そんなに叫ばなくていいのに。普段は静かなのにこういう時のリアクション大げさで面白いよね。

 服を汚されて怒るどころか笑っている君がたまらなく愛おしい。
 不意に口元に違和感を感じた。舞い散った桜の花びらが唇の端に付いたのだ。手にとって眺めるとやはり普通の桜の花びらと比べて大きく張りがある気がする。
 美しい桜の下で君の笑顔を見れるなんてなんとも贅沢だと思ったんだ。この時の笑顔は今も僕の脳裏に焼きついて離れない。あの日、またここでお花見しようと約束した。その約束を果たすべく、僕は君が来るのを待ち続けている。

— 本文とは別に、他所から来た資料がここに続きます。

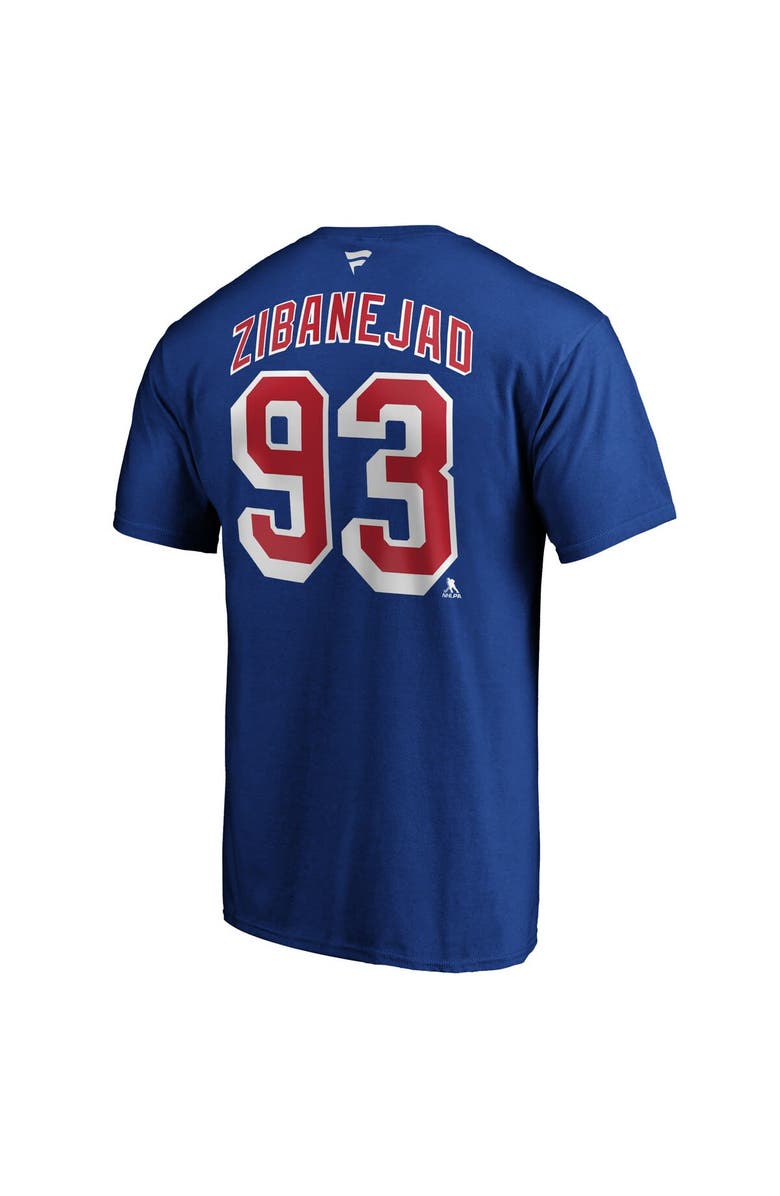FANATICS Men's Fanatics Branded Mika Zibanejad Blue New York Rangers Team Authentic Stack Name & Number T-Shirt, Alternate, color, Blue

「伊藤先輩、何で向こうの大きな桜の木に行かないんですか?」
 芽衣は決まり悪そうに後輩の鈴木に答えた。
「あー…鈴木君、あの桜は駄目なんだよ…」「何でです?あの桜の方が幹が太くて大きくて立派です。花の数も他と比べて多く感じません?すっごい綺麗ですよ。…一人ベンチに座ってる人はいますけど…良かったら俺と一緒にあっちに移動しません?」
 芽衣が鈴木の最後の言葉に応える間も無く、頭上から男の大声が降り注ぐ。
「なんだ、なんだ、鈴木!あの桜のこと知らないのか!?」
 話に割り込まれ、心の中で舌打ちしながら鈴木はサークル部長の畠中と膝を突き合わせることになった。
「いや、俺…入学早々大怪我して復学したの冬なんで。だからここ一年の大学のイベント事経験していなくて…」
 体格も態度も声も大きい畠中にたじろぎつつ、最後の言葉は聞かれていないよな?とそわそわしながら何とか言葉を繋げる。
「そうだったか?じゃあ、伊藤と俺が教えてやろう!あの桜の近くにいると他人の記憶が自分の中に入り込む、と言われている!その記憶は自分が本当に体験したかのように感じられ、元々あった自分の記憶と混ぜこぜになる。どこからが自分の記憶でどこからが他人の記憶かわからなくなるそうだ」
「……へえ」
鈴木は何か言いたげな笑い出しそうな微妙な表情を浮かべている。畠中の出現はいい助け舟だった、と芽衣も勢いに乗って知っていることを話しだす。
「そうなの。噂だと昔、未成年の学生に誰かがお花見した時の二日酔いの記憶が入り込んで、一度もお酒飲んだことないのにお酒嫌いになっちゃったとか」
「あの桜の下で告白して振られた男に、自分を振った相手の記憶が入り込んだことがあるらしい。振られて半泣きになった自分を自分で見てしまったそうだ。相手がいかに自分を嫌っていたかも知ってしまい、ショックでもう恋愛ができなくなってしまったと」
「…それは地獄ですね」
「桜に吸い取られた人の記憶が花に移って、花びらに触れると記憶が入り込む、なんて説もありましたよね。だから花びらも触らない方が良いって」
「…と、いうように曰くがある木なんだ。近づかない方がいい!」
 二人の話を黙って聞いていた鈴木は意を決したように問いかける。
「…お言葉ですけど、先輩達は大学生にもなってそんな話、本気で信じてるんですか?」 
 芽衣と畠中はお互いの顔を見合わせた。畠中がお前の気持ちもわかるぞ、と言いたげな笑みを浮かべる。
「…正直…俺は信じてない!けど、あの桜の綺麗さは異常だろ、噂が嘘でも他に何かあるんじゃないかと思うくらい。地元であの桜の下で花見する奴なんかいない。"何か"はあるんだよ。人がおかしくなるような何かが。あの桜の近くだと皆んな狂ってしまうんだ!」
 だから大人しくここで花見しろ!と鈴木の肩をバンバン叩きながら畠中は強引に話をまとめた。話が締められたのをきっかけに芽衣は何気なく席を立つ。鈴木は叩かれた肩をさすりながら渦中の桜の木に視線を移した。
 遠くからでもあの桜は目につく。美しい。ずっと、見ていられる。人を惹きつける妙な魅力を持っている。確かにずっと見ているのは危険な気がしてきた。ここは先輩達の忠告に従おう。大人しくしておこう。芽衣先輩への告白はそんな曰くの無い場所でしたいしな。


 大学生達の集まりだろうか、向こうから喧騒が聞こえる。あの日の君も彼らと同じくらいの年齢だったんだろう。
 あの時の君の笑顔は僕の心の中に鮮烈に残っている。その記憶だけで十分だ。僕が君を好きでいる理由なんて。
 嵐のような風が吹いて、豪華絢爛に咲き乱れる花は散らされ桜吹雪が舞い散る。口の端に花びらが張り付く。ああ、あの時と同じだ。

 君の年齢も、住んでいるところも、名前も、僕は知らない。けれど君が好きだ。この感情、記憶は本物だ。

 だから、この桜の木の下で僕はずっと君を待ち続ける。